═════ Records for the exercise ═════

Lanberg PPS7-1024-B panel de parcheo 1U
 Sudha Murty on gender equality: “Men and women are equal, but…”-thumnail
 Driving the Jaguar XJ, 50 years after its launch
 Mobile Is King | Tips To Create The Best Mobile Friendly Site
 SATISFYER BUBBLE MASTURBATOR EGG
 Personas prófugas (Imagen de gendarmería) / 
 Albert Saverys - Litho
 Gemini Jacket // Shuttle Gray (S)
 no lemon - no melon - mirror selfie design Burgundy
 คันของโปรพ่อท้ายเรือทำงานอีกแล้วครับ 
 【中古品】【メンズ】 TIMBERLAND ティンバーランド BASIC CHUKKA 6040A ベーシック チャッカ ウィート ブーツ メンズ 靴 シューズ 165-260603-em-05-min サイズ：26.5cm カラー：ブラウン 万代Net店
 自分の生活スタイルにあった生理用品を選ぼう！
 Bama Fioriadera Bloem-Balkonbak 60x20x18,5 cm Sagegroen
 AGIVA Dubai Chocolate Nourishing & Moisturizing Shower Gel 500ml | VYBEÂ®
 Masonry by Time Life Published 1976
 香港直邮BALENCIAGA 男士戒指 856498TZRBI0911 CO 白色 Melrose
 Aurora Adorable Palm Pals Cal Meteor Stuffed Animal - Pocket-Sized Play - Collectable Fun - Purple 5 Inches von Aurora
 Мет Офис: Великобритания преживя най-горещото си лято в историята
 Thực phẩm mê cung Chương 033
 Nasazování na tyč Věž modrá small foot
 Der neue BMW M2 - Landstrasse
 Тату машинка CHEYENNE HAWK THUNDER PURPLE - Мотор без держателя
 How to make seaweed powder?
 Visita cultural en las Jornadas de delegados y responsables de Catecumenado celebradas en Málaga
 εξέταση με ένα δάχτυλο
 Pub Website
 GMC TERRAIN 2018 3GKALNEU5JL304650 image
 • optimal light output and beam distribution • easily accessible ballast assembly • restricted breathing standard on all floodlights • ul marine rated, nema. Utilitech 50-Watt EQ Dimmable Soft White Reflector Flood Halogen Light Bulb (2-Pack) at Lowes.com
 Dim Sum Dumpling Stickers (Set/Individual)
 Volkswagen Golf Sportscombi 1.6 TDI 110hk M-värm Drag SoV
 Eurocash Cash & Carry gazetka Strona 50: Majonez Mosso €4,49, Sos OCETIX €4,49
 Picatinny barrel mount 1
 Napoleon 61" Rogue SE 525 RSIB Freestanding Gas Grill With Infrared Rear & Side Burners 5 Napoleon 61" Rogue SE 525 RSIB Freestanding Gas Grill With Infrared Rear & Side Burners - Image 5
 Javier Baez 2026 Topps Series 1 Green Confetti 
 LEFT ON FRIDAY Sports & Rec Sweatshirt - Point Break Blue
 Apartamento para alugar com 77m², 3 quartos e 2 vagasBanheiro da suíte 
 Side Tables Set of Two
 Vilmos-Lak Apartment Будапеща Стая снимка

═════

Among the entries above, find the line with "εξέταση με ένα δάχτυλο" and the line with "Volkswagen Golf Sportscombi"; give again exactly these two lines and all lines between them.

**Solution for this problem:**
 εξέταση με ένα δάχτυλο
 Pub Website
 GMC TERRAIN 2018 3GKALNEU5JL304650 image
 • optimal light output and beam distribution • easily accessible ballast assembly • restricted breathing standard on all floodlights • ul marine rated, nema. Utilitech 50-Watt EQ Dimmable Soft White Reflector Flood Halogen Light Bulb (2-Pack) at Lowes.com
 Dim Sum Dumpling Stickers (Set/Individual)
 Volkswagen Golf Sportscombi 1.6 TDI 110hk M-värm Drag SoV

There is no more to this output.